#### Try it:
Apart from the pictures, write out all the records exactly.

____________

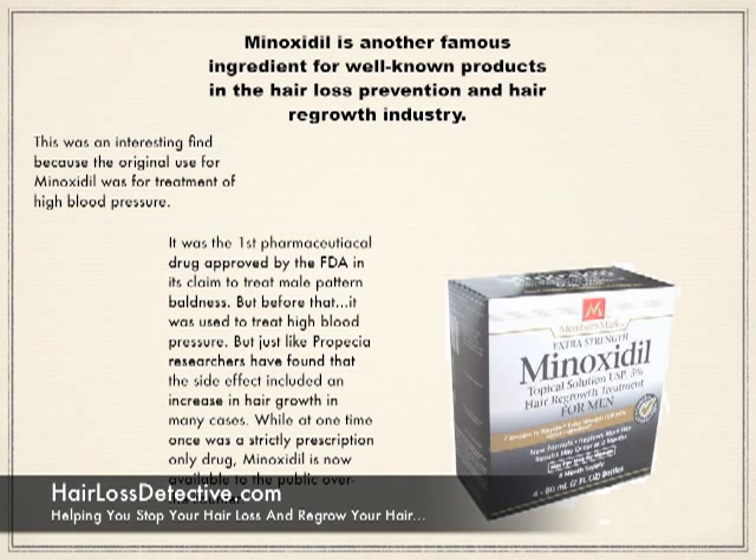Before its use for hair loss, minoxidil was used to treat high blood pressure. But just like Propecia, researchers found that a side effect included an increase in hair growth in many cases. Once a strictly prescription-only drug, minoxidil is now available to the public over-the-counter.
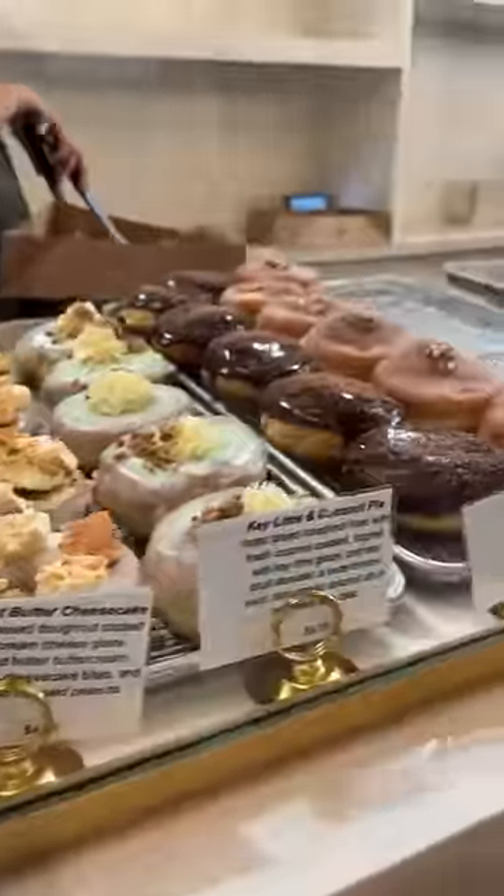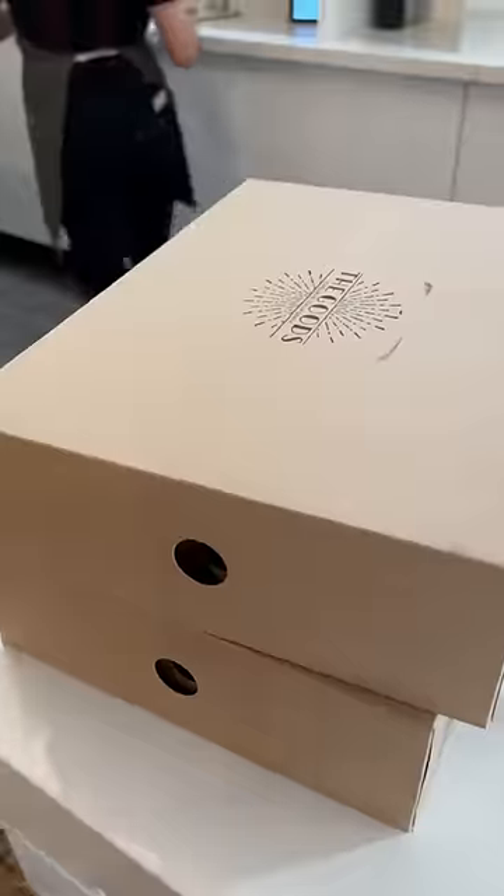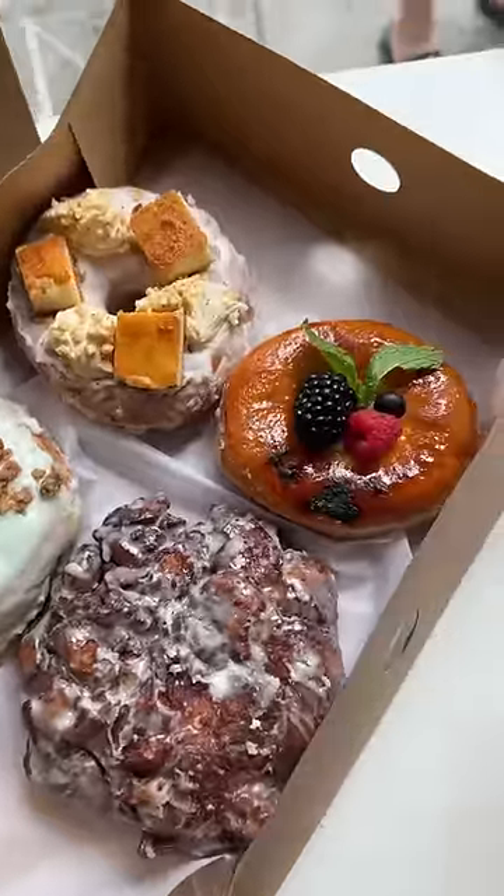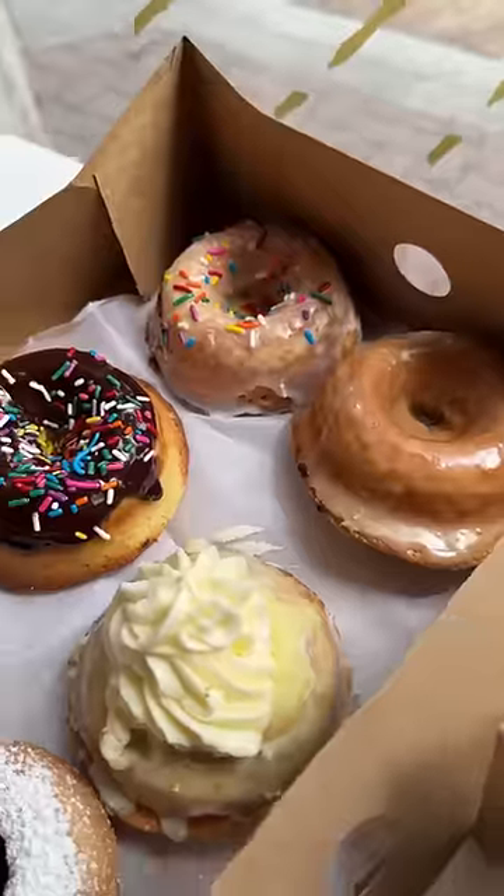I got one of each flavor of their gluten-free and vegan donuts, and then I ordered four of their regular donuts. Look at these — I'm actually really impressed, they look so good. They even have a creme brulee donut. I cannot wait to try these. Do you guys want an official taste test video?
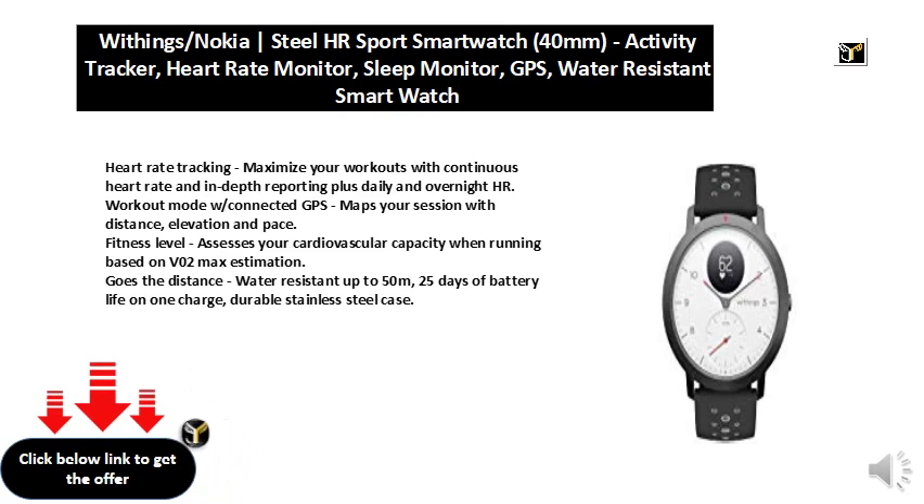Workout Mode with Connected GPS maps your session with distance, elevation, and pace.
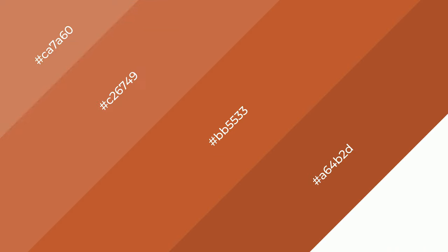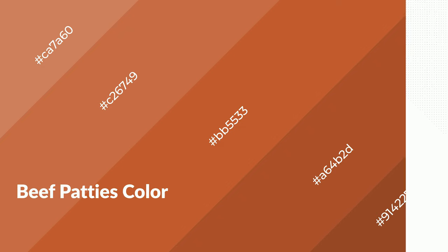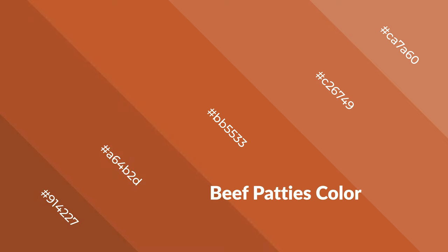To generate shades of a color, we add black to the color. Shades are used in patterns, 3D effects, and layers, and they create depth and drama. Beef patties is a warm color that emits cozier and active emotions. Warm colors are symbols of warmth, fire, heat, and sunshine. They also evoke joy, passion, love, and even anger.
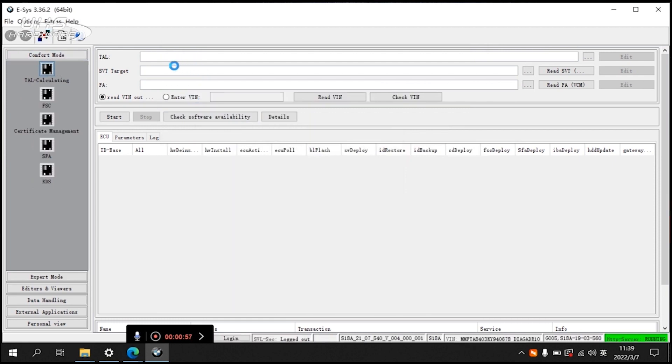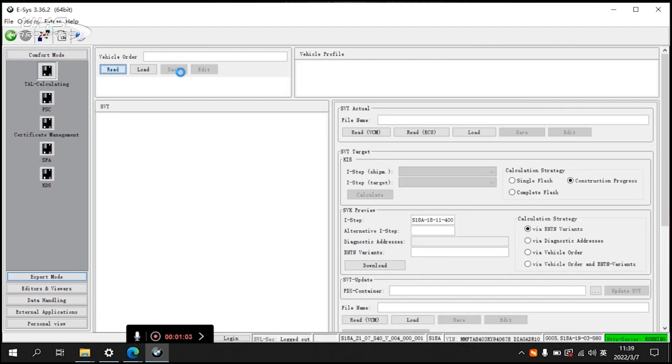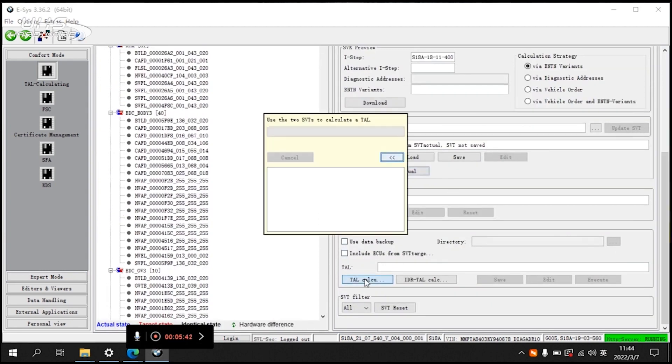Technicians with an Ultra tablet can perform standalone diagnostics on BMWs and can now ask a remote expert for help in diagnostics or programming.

____________

#### Solved problem:
Before its use for hair loss, minoxidil was used to treat high blood pressure. But just like Propecia, researchers found that a side effect included an increase in hair growth in many cases. Once a strictly prescription-only drug, minoxidil is now available to the public over-the-counter.
I got one of each flavor of their gluten-free and vegan donuts, and then I ordered four of their regular donuts. Look at these — I'm actually really impressed, they look so good. They even have a creme brulee donut. I cannot wait to try these. Do you guys want an official taste test video?
Workout Mode with Connected GPS maps your session with distance, elevation, and pace.
To generate shades of a color, we add black to the color. Shades are used in patterns, 3D effects, and layers, and they create depth and drama. Beef patties is a warm color that emits cozier and active emotions. Warm colors are symbols of warmth, fire, heat, and sunshine. They also evoke joy, passion, love, and even anger.
Technicians with an Ultra tablet can perform standalone diagnostics on BMWs and can now ask a remote expert for help in diagnostics or programming.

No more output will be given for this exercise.